_Exercise directions_
The records below must be duplicated exactly, character for character.

------ Extracted entries

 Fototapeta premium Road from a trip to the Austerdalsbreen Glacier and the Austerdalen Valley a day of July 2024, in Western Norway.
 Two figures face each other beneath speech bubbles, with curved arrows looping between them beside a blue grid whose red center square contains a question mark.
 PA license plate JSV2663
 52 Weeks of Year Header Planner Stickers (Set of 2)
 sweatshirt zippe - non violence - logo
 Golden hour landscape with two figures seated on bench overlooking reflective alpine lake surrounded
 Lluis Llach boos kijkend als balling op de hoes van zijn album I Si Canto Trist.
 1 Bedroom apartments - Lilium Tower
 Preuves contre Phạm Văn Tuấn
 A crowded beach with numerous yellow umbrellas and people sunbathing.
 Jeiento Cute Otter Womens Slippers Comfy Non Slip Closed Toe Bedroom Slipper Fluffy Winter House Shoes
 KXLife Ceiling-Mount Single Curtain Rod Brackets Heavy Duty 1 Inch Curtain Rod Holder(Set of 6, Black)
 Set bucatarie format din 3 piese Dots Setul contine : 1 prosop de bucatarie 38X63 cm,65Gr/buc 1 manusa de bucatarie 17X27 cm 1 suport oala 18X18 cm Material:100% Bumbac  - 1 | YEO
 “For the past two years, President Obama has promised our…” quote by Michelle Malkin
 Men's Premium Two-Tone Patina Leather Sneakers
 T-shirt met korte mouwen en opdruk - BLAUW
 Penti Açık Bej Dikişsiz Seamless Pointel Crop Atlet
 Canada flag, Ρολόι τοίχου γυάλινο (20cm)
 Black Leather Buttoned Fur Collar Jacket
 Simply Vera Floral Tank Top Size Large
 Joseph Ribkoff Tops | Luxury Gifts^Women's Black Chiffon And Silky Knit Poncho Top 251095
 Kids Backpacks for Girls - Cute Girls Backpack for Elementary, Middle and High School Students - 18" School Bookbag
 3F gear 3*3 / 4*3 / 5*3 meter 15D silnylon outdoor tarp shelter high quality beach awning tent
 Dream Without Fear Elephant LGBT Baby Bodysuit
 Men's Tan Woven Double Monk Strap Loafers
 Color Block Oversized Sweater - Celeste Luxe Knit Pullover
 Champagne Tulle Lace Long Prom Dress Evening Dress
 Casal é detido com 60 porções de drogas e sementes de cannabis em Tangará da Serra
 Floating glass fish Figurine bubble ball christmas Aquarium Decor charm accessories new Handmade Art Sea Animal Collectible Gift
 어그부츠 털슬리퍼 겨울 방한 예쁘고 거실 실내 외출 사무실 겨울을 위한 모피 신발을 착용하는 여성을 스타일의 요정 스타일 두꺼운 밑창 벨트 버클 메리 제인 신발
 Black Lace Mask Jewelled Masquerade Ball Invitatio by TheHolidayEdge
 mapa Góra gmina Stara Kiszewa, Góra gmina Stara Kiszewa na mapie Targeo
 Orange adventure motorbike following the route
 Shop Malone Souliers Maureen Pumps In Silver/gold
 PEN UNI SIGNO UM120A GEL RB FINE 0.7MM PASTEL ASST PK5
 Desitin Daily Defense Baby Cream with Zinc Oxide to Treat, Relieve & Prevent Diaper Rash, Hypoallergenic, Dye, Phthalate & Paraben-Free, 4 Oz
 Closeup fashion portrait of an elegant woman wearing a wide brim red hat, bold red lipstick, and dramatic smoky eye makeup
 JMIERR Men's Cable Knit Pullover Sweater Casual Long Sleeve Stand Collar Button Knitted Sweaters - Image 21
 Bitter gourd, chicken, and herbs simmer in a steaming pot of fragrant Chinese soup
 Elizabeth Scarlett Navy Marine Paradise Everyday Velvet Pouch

------------

_Response to this task_
 Fototapeta premium Road from a trip to the Austerdalsbreen Glacier and the Austerdalen Valley a day of July 2024, in Western Norway.
 Two figures face each other beneath speech bubbles, with curved arrows looping between them beside a blue grid whose red center square contains a question mark.
 PA license plate JSV2663
 52 Weeks of Year Header Planner Stickers (Set of 2)
 sweatshirt zippe - non violence - logo
 Golden hour landscape with two figures seated on bench overlooking reflective alpine lake surrounded
 Lluis Llach boos kijkend als balling op de hoes van zijn album I Si Canto Trist.
 1 Bedroom apartments - Lilium Tower
 Preuves contre Phạm Văn Tuấn
 A crowded beach with numerous yellow umbrellas and people sunbathing.
 Jeiento Cute Otter Womens Slippers Comfy Non Slip Closed Toe Bedroom Slipper Fluffy Winter House Shoes
 KXLife Ceiling-Mount Single Curtain Rod Brackets Heavy Duty 1 Inch Curtain Rod Holder(Set of 6, Black)
 Set bucatarie format din 3 piese Dots Setul contine : 1 prosop de bucatarie 38X63 cm,65Gr/buc 1 manusa de bucatarie 17X27 cm 1 suport oala 18X18 cm Material:100% Bumbac  - 1 | YEO
 “For the past two years, President Obama has promised our…” quote by Michelle Malkin
 Men's Premium Two-Tone Patina Leather Sneakers
 T-shirt met korte mouwen en opdruk - BLAUW
 Penti Açık Bej Dikişsiz Seamless Pointel Crop Atlet
 Canada flag, Ρολόι τοίχου γυάλινο (20cm)
 Black Leather Buttoned Fur Collar Jacket
 Simply Vera Floral Tank Top Size Large
 Joseph Ribkoff Tops | Luxury Gifts^Women's Black Chiffon And Silky Knit Poncho Top 251095
 Kids Backpacks for Girls - Cute Girls Backpack for Elementary, Middle and High School Students - 18" School Bookbag
 3F gear 3*3 / 4*3 / 5*3 meter 15D silnylon outdoor tarp shelter high quality beach awning tent
 Dream Without Fear Elephant LGBT Baby Bodysuit
 Men's Tan Woven Double Monk Strap Loafers
 Color Block Oversized Sweater - Celeste Luxe Knit Pullover
 Champagne Tulle Lace Long Prom Dress Evening Dress
 Casal é detido com 60 porções de drogas e sementes de cannabis em Tangará da Serra
 Floating glass fish Figurine bubble ball christmas Aquarium Decor charm accessories new Handmade Art Sea Animal Collectible Gift
 어그부츠 털슬리퍼 겨울 방한 예쁘고 거실 실내 외출 사무실 겨울을 위한 모피 신발을 착용하는 여성을 스타일의 요정 스타일 두꺼운 밑창 벨트 버클 메리 제인 신발
 Black Lace Mask Jewelled Masquerade Ball Invitatio by TheHolidayEdge
 mapa Góra gmina Stara Kiszewa, Góra gmina Stara Kiszewa na mapie Targeo
 Orange adventure motorbike following the route
 Shop Malone Souliers Maureen Pumps In Silver/gold
 PEN UNI SIGNO UM120A GEL RB FINE 0.7MM PASTEL ASST PK5
 Desitin Daily Defense Baby Cream with Zinc Oxide to Treat, Relieve & Prevent Diaper Rash, Hypoallergenic, Dye, Phthalate & Paraben-Free, 4 Oz
 Closeup fashion portrait of an elegant woman wearing a wide brim red hat, bold red lipstick, and dramatic smoky eye makeup
 JMIERR Men's Cable Knit Pullover Sweater Casual Long Sleeve Stand Collar Button Knitted Sweaters - Image 21
 Bitter gourd, chicken, and herbs simmer in a steaming pot of fragrant Chinese soup
 Elizabeth Scarlett Navy Marine Paradise Everyday Velvet Pouch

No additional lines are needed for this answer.